Information supplied:
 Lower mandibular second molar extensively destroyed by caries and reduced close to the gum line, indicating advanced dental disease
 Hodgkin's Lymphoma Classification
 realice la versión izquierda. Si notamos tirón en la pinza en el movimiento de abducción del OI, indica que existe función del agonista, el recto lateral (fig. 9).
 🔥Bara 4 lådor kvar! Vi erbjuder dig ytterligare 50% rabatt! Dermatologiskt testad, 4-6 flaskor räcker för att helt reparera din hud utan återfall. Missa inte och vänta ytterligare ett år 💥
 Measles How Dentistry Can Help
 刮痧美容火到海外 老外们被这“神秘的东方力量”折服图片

...

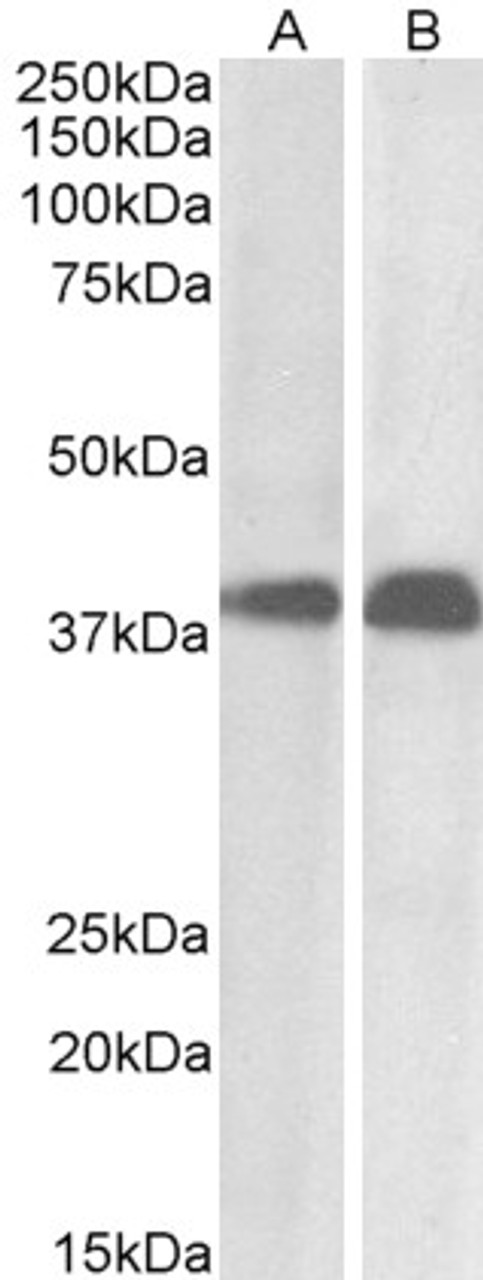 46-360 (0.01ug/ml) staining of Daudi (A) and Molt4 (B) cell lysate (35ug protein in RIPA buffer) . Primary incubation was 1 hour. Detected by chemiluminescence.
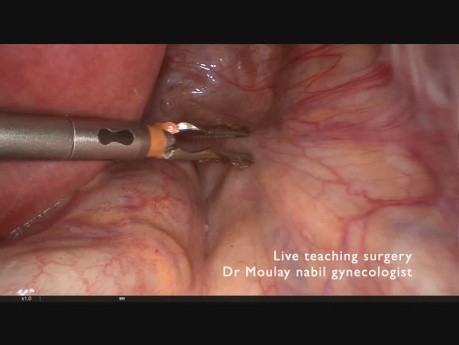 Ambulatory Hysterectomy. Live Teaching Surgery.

How to complete this task: Go to the line in the material above that contains "Lower mandibular second" and copy exactly from there through the line that contains "realice la versión", stopping after it.

Exercise output:
 Lower mandibular second molar extensively destroyed by caries and reduced close to the gum line, indicating advanced dental disease
 Hodgkin's Lymphoma Classification
 realice la versión izquierda. Si notamos tirón en la pinza en el movimiento de abducción del OI, indica que existe función del agonista, el recto lateral (fig. 9).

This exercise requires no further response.